Global order after U.S. hegemony: challenges for Asia and the Pacific - Andrew Hurrell

Event details

APCD & SDSC Public Lecture

Date & time

Monday 20 April 2015
6pm–7.30pm

Venue

Finkel Lecture Theatre, John Curtin School of Medical Research (131), Garran Road, ANU

Speaker

Andrew Hurrell Montague Burton Professor of International Relations and Fellow of Balliol College at the University of Oxford

Contacts

Kerrie Hogan, Senior Outreach & Communications Officer - Coral Bell School of Asia Pacific Affairs
+61 2 6125 2167

Global order is entering harder and more troubled times. Many are talking about the return of geopolitics. Others stress the inequalities and instabilities of global capitalism and the revival of geo-economic pressures and tensions. It is not difficult to point to local or regional crises. Nor is it hard to find examples of ineffective institutions, regionally and globally. But do the dots join up? And, if they do, what is the bigger picture that emerges? Are there thresholds of violence, or synergies of dysfunction, or cross-cutting cleavages that affect how we understand global order and how we see the links between the regional and the global?

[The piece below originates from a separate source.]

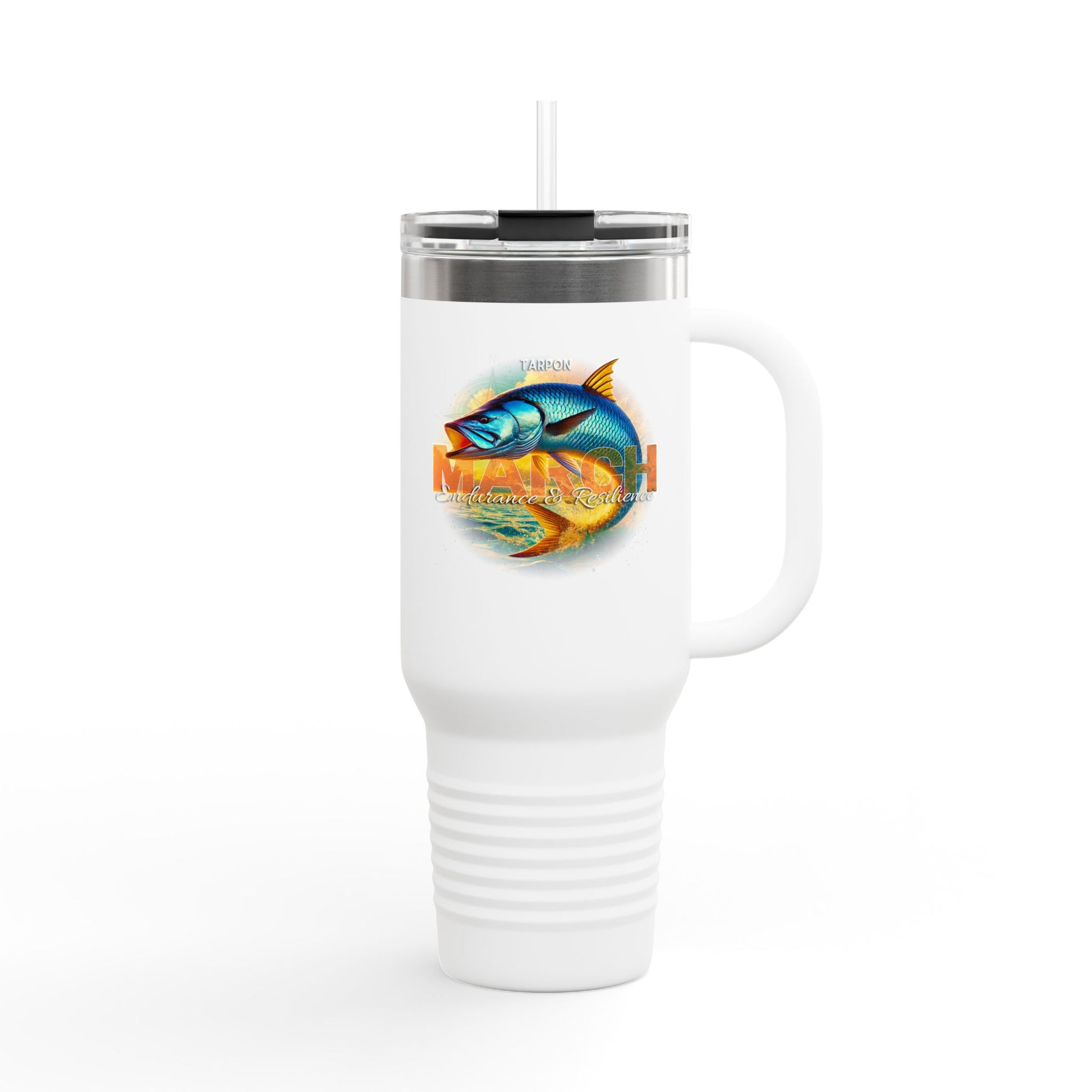 White birth month travel mug with colorful March fish design and handle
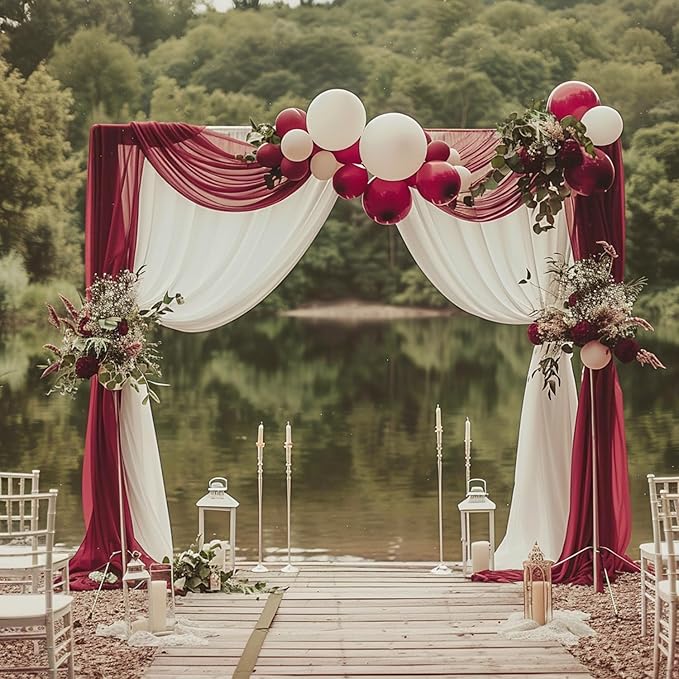 Wokceer Wedding Arch Draping Fabric - 28.7" x 20FT Burgundy Sheer Drapes Backdrop for Wedding Ceremony, Birthday Party, Bridal Shower Decoration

This lecture will address these question -- by insisting on the need to look back beyond the post-Cold War period; by unpacking the sources of politicization and contestation; and by questioning the still powerful western narratives of global progress and integration. It will stress how answers to the question of the decline of US hegemony or the revisionism of emerging powers take on very different meanings in different parts of the world. And it is will argue that the most important mistake is to interpret the challenge of global order in terms of simple movement from the liberal hopes of the 1990s to the return of realist power-politics in the following decade. The major policy and analytical challenges have to do with the links between international politics and global capitalism and with how global governance institutions and power-political ordering relate to each other.

Andrew Hurrell is the Montague Burton Professor of International Relations and Fellow of Balliol College at the University of Oxford. He was elected to the British Academy in 2011. He is visiting ANU on 20-24 April as the APCD-SDSC Distinguished Visitor. His latest book, On Global Order. Power, Values and the Constitution of International Society (Oxford University Press, 2008) won the International Studies Association Prize for Best Book in the field of Inter national Relations in 2009. Other publications include: (with Ngaire Woods), Inequality, Globalization and World Politics (1999); and (with Louise Fawcett), Regionalism in World Politics (1995). He was named in the 2011 Teaching, Research, and International Policy (TRIP) survey as one of top twenty academics to have made the most influential contribution to IR over the previous five years, and was one of only two non-US based academics in that group. His current work focuses on emerging powers and the globalization of international society. He is also completing a short introduction to global governance, forthcoming with OUP.